La presa di posizione sostanzialmente complottista del governo di Washington ha generato pressioni fortissime anche su organismi teoricamente imparziali e personalità autorevoli, che a loro volta hanno finito per legittimare il dibattito su una teoria fino a poco tempo fa relegata ai margini della comunità (pseudo-)scientifica e alla galassia cospirazionista di estrema destra. A sollevare dubbi a livello pubblico erano stati ad esempio il virologo americano Anthony Fauci e il direttore generale dell’OMS, Tedros Ghebreyesus.

Quest’ultimo, dopo la pubblicazione del rapporto della sua stessa agenzia, aveva definito i risultati “insufficienti”, alimentando di fatto confusione e ambiguità su un’indagine che era da considerarsi come il primo passo per una comprensione più approfondita delle origini del virus.
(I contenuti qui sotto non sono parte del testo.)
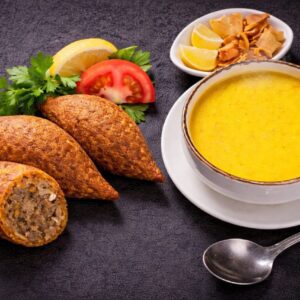 Kibbeh und Linsensuppe Menü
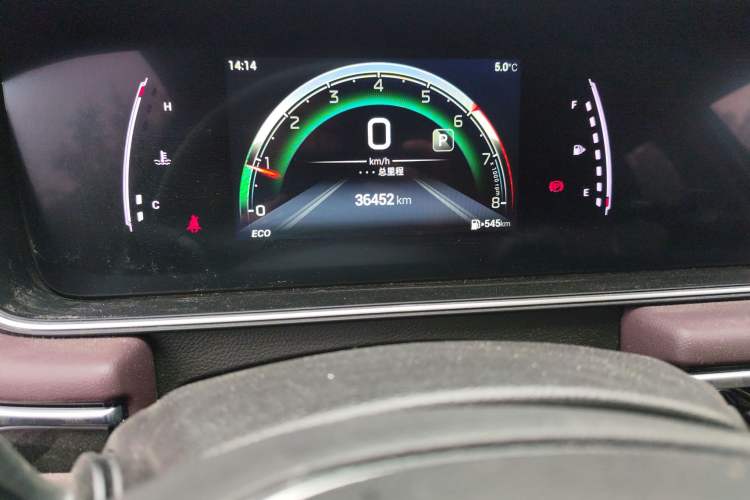 Used GAC Trumpchi M6 2023 PRO 270T DCT Elite Edition Odometer Close Up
Sempre per ragioni politiche, dopo la diffusione delle anticipazioni sul rapporto dell’intelligence americana, l’OMS è tornata a proporre un atteggiamento di questo genere.

Il numero uno del programma per le emergenze sanitarie, Michael Ryan, ha ribadito infatti che tutte le teorie “restano sul tavolo”, inclusa quella del laboratorio di Wuhan. Il persistere di questo atteggiamento anti-scientifico, come già spiegato, non fa che avvelenare le relazioni internazionali e scoraggiare una collaborazione su basi razionali.

Non solo, l’insistenza nel garantire attendibilità a queste tesi finisce per giustificare ulteriori ipotesi più o meno complottiste. A questo proposito, martedì il governo cinese ha chiesto per la prima volta in forma ufficiale all’OMS di indagare sulla possibile origine del virus dal laboratorio militare americano di Fort Detrick, dove ha sede un programma di studio sulle armi biologiche. Secondo questa teoria, da qui la malattia sarebbe stata portata in Cina dagli atleti americani che avevano partecipato ai giochi mondiali militari, organizzati a Wuhan nell’ottobre del 2019.